Pour ces célébrations fauréennes l’Orchestre national du Capitole était donc dirigé par le plus francophile des chefs japonais, invité régulier de la phalange symphonique toulousaine, Kazuki Yamada. Celui-ci a convié en outre un plateau franco-japonais, avec le Chœur Philharmonique de Tokyo (chef de chœur Hiroyuki Mito) dont il est le directeur musical. Les musiciens et le public toulousains connaissent depuis longtemps l’attrait du chef japonais pour la musique française et son aptitude à en extraire la quintessence.
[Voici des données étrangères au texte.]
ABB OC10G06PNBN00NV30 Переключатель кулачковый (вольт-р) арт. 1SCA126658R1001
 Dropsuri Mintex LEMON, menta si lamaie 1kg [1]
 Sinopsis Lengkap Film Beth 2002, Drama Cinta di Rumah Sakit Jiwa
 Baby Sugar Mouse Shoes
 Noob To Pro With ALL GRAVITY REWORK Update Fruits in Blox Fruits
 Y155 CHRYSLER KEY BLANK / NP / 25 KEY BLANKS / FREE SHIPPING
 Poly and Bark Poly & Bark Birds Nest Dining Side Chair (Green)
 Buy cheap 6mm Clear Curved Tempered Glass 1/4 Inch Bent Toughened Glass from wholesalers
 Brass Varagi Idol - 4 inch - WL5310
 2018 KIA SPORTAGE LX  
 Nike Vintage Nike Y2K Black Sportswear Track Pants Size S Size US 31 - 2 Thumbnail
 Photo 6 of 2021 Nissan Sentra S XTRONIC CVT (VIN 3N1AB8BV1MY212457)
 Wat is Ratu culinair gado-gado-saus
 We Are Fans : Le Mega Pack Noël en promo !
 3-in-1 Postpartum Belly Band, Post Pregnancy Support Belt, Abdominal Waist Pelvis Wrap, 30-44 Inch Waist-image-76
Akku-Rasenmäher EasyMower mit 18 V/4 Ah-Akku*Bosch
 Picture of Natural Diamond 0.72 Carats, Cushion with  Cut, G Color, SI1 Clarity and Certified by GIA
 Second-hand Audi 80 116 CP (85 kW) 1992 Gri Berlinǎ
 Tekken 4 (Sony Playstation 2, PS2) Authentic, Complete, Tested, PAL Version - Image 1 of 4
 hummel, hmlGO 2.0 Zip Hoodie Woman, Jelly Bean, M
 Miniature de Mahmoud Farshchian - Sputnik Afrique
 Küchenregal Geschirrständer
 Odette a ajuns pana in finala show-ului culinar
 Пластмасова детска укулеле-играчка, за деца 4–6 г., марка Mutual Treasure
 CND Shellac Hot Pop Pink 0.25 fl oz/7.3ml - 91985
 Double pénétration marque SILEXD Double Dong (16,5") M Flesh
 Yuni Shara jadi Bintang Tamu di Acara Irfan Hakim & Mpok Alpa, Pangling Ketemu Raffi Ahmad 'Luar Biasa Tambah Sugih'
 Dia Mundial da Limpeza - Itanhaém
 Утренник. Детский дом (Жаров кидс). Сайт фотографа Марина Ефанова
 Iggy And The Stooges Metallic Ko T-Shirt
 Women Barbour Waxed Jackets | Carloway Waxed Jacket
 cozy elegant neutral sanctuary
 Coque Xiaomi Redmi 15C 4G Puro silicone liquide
Il vient là d’en démontrer la profondeur.
Trois concerts successifs ont été organisés dans la basilique toulousaine afin de satisfaire l’intérêt du public pour une telle manifestation. La nef et les bas-côtés de l’édifice, pleins à craquer, n’ont peut-être pas suffi à accueillir l’ensemble des mélomanes intéressés !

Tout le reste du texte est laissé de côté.